With long polling enabled, a request will be kept open when there are no jobs available. The request is completed when at least one job is available or after a specified duration. A worker can also specify a RequestTimeout as the duration of keeping the request open. The default request timeout is 10 seconds, but it is also configurable in the client. Long polling for available jobs can be disabled using the configuration flag: gateway.longPolling.enabled or the environment variable ZEEBE_GATEWAY_LONGPOLLING_ENABLED. It is enabled by default.

Job Queueing​

Zeebe decouples creation of jobs from performing the work on them. It is always possible to create jobs at the highest possible rate, regardless of whether or not there's a worker available to work on them.
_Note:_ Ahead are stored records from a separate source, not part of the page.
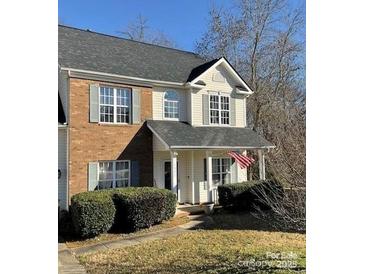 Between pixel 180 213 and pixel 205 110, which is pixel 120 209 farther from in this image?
pixel 205 110

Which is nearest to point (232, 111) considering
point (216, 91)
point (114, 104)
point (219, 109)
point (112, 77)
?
point (219, 109)

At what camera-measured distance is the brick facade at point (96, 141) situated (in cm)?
853

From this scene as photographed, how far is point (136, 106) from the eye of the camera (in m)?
9.83

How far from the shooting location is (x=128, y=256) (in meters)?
5.63

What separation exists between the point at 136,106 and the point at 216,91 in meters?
3.33

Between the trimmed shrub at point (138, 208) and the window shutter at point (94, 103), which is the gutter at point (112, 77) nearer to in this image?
the window shutter at point (94, 103)

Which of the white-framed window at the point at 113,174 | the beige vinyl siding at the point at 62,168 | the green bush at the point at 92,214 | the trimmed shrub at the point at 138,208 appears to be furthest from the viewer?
the white-framed window at the point at 113,174

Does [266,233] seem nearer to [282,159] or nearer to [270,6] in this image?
[282,159]

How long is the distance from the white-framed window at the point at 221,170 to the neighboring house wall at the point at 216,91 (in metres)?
1.46

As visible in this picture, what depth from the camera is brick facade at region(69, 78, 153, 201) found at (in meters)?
8.53

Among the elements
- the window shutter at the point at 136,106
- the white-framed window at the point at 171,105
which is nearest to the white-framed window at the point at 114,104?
the window shutter at the point at 136,106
This is possible because Zeebe queues jobs until workers request them. If no job worker is currently requesting jobs, jobs remain queued. Because workers request jobs from the broker, the workers have control over the rate at which they take on new jobs.

This allows the broker to handle bursts of traffic and effectively act as a buffer in front of the job workers.

Completing and Failing Jobs​

After working on an activated job, a job worker can inform the broker that the job has either been completed or failed. If the job worker could successfully complete its work, it can inform the broker of this success by sending a complete job command. If the job could not be completed within the configured job activation timeout, then the broker will make the job available again to other job workers.

In order to expose the results of the job, the job worker can pass variables with the complete job command. These variables will be merged into the workflow instance depending on the output variable mapping. Note that this may overwrite existing variables and can lead to race conditions in parallel flows. We recommend completing jobs with only those variables that need to be changed.

If the job worker could not successfully complete its work, it can inform the broker of this failure by sending a fail job command. Fail job commands include the number of remaining retries. If this is a positive number then the job will be immediately activatable again, and a worker could try to process it again. If it is zero or negative however, an incident will be raised and the job will not be activatable until the incident is resolved.